Egypt Host Sentenced to Jail for Insulting Morsi

An Egyptian court sentences television presenter Tawfiq Okasha to four months in prison for defaming President Morsi.

Elad Benari ,

Tawfiq Okasha
Tawfiq Okasha

An Egyptian court on Monday sentenced controversial television presenter Tawfiq Okasha to four months in prison for defaming President Mohammed Morsi, state media reported, according to AFP.

The court in the southern province of Luxor sentenced Okasha, who was not present at the trial, to four months in jail and ordered him to pay a fine of 100 Egyptian pounds (around $16) following a lawsuit by a former MP Nasreddine Moghazi.

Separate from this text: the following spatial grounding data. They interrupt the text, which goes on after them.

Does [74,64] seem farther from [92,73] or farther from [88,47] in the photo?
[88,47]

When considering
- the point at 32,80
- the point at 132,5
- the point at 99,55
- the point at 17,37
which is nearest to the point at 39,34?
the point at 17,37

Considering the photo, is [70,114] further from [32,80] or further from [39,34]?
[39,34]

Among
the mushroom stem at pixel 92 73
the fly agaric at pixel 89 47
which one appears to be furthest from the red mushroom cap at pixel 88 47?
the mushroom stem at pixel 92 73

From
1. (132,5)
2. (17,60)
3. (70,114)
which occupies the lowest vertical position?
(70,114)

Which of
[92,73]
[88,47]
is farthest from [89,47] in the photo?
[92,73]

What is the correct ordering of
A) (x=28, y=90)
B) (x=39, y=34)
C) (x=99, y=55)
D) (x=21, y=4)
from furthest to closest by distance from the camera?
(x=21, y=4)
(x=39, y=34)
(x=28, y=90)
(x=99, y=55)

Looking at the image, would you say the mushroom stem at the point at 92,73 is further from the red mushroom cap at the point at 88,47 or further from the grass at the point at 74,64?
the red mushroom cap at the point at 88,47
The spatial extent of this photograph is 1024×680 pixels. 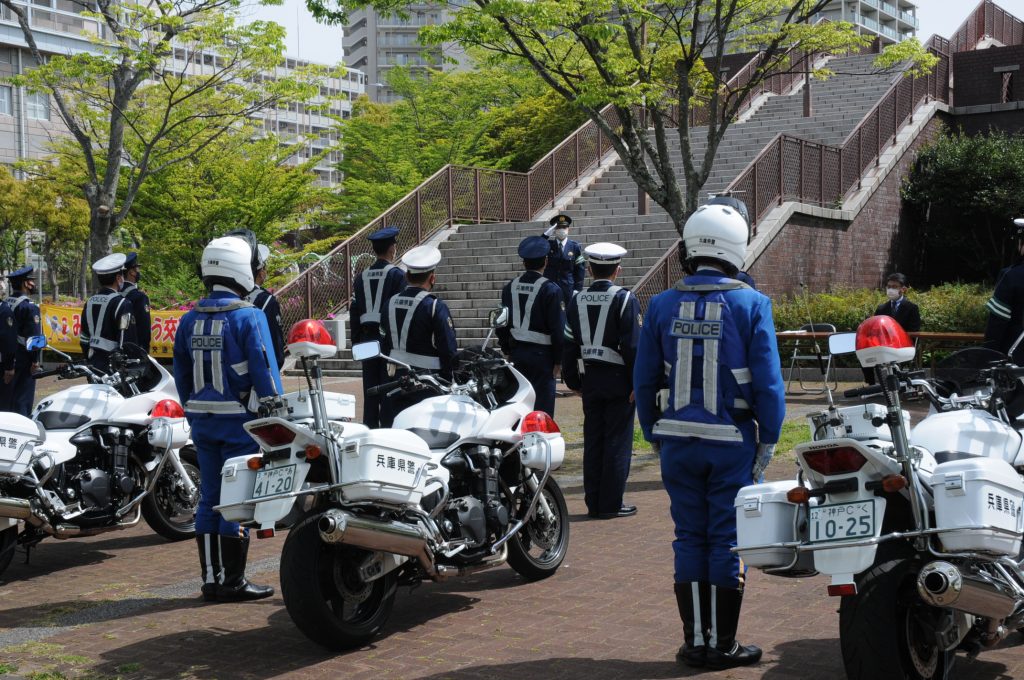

Okasha, who heads his own TV channel Al-Faraeen and is known for his lengthy anti-Islamist rants on a talk show, faces several lawsuits including a case for alleged incitement to kill Morsi, judicial sources said.

His channel was suspended on August 16 after it aired a show that was stridently anti-Morsi, a long-time member of the Muslim Brotherhood who quit the organization when he was elected president in June.

On Saturday a court ruled that Al-Faraeen was allowed to resume broadcasting.

Last week Okasha was detained overnight for former convictions passed in absentia, after visiting a police station to check on the status of his court case for alleged incitement.

He was notified of two six-month convictions for issuing bad cheques and one-month terms for stealing electricity, and was then released again after spending nine hours in custody, according to a security source quoted by AFP.

Okasha ran for the presidency in Egypt, and declared in February that the Egyptian Army will engage in armed warfare against Israel, the United States and the European Union within three months.

He also said that "like the Nazis, the Jews aim to rule and own the world.”

Okasha is one of several Egyptian journalists who have been charged with offenses against Morsi. In August, Islam Afifi, the editor of the newspaper Al-Dustour, was accused of insulting Morsi and publishing lies about him.

Morsi subsequently issued a new law cancelling the Mubarak-era practice of temporarily detaining journalists for so-called “publication offences,” including the charge of “offending the president of the republic.”